In the entries that follow, the first line to write out is the one containing "Allecto Plus Gordijnhouder", and the last is the one containing "3D内雕月球水晶球LED夜灯摆件". Reproduce that stretch exactly, with nothing before or after it.

┄┄┄┄┄┄┄┄┄┄┄┄┄┄┄┄┄┄┄┄

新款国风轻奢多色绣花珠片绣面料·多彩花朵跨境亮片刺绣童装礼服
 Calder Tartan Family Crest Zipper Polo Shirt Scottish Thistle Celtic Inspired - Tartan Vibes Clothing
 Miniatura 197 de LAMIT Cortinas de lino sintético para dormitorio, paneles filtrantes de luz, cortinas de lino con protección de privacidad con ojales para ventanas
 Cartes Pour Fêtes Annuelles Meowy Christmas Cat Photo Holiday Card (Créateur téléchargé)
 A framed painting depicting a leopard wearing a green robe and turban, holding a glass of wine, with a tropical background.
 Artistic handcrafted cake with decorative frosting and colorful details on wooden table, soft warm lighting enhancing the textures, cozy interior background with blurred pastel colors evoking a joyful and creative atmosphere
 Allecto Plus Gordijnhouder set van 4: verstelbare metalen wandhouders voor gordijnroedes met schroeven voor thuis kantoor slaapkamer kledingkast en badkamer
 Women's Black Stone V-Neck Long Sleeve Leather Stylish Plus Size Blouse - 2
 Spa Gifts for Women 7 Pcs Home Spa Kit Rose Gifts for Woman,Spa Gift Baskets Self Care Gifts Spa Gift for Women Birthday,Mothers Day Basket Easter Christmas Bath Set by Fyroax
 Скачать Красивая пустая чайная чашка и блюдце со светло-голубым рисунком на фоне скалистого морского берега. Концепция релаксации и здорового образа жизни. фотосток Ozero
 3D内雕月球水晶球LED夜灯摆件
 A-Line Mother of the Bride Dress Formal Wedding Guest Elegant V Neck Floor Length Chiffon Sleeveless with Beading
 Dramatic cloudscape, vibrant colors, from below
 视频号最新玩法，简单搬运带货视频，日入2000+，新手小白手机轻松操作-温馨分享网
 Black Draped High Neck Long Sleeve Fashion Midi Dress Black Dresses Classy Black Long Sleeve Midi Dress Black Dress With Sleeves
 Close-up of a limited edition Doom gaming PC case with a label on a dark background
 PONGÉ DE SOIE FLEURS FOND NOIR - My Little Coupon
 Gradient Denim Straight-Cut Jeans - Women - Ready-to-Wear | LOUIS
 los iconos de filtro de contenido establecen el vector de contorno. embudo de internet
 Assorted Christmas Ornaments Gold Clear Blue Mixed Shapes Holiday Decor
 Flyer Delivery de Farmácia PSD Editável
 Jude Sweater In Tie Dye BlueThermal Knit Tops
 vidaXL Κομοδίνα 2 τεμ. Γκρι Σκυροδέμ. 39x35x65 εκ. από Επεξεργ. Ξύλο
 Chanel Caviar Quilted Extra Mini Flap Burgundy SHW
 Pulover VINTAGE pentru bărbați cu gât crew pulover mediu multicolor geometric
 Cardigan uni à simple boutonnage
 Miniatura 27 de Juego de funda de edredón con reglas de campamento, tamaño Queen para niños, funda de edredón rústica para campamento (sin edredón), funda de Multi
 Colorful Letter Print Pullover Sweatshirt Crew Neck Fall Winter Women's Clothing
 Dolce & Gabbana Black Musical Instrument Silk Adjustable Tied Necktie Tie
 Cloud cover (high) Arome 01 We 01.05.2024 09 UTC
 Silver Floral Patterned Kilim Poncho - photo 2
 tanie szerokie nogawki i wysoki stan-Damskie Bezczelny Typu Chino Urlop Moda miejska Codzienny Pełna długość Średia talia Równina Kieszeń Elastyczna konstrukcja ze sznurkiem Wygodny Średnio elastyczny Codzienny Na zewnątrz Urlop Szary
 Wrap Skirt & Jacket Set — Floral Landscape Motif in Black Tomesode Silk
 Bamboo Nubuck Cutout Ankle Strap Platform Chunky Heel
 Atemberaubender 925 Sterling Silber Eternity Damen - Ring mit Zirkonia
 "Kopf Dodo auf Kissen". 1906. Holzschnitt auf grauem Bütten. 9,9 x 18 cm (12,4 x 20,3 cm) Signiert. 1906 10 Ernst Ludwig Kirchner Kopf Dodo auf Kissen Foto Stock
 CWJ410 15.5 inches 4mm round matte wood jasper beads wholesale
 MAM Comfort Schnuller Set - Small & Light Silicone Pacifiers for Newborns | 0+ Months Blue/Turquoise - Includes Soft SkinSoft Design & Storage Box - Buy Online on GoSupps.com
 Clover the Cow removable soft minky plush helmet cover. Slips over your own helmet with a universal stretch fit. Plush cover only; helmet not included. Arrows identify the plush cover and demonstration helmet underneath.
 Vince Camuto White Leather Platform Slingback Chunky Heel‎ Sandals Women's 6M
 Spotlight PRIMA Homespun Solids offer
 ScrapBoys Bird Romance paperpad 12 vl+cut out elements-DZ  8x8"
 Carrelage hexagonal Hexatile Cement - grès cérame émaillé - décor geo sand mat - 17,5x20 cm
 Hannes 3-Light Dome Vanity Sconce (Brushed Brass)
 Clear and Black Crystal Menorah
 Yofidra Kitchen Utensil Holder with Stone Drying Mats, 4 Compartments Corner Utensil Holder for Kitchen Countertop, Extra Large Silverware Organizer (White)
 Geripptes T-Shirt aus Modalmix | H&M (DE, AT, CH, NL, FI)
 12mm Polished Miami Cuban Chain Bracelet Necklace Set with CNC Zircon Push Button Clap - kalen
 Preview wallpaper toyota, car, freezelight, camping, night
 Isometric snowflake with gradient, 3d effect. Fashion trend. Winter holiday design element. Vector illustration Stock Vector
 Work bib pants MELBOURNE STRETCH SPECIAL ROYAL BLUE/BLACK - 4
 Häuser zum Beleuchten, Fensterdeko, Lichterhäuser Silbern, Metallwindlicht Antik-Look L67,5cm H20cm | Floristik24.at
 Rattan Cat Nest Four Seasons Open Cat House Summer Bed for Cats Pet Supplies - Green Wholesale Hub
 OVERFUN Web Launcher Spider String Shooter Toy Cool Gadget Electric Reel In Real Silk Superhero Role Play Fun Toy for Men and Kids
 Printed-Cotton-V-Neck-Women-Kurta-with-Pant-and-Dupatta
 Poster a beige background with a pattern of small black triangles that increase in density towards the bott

┄┄┄┄┄┄┄┄┄┄┄┄┄┄┄┄┄┄┄┄

> _Exercise output_
 Allecto Plus Gordijnhouder set van 4: verstelbare metalen wandhouders voor gordijnroedes met schroeven voor thuis kantoor slaapkamer kledingkast en badkamer
 Women's Black Stone V-Neck Long Sleeve Leather Stylish Plus Size Blouse - 2
 Spa Gifts for Women 7 Pcs Home Spa Kit Rose Gifts for Woman,Spa Gift Baskets Self Care Gifts Spa Gift for Women Birthday,Mothers Day Basket Easter Christmas Bath Set by Fyroax
 Скачать Красивая пустая чайная чашка и блюдце со светло-голубым рисунком на фоне скалистого морского берега. Концепция релаксации и здорового образа жизни. фотосток Ozero
 3D内雕月球水晶球LED夜灯摆件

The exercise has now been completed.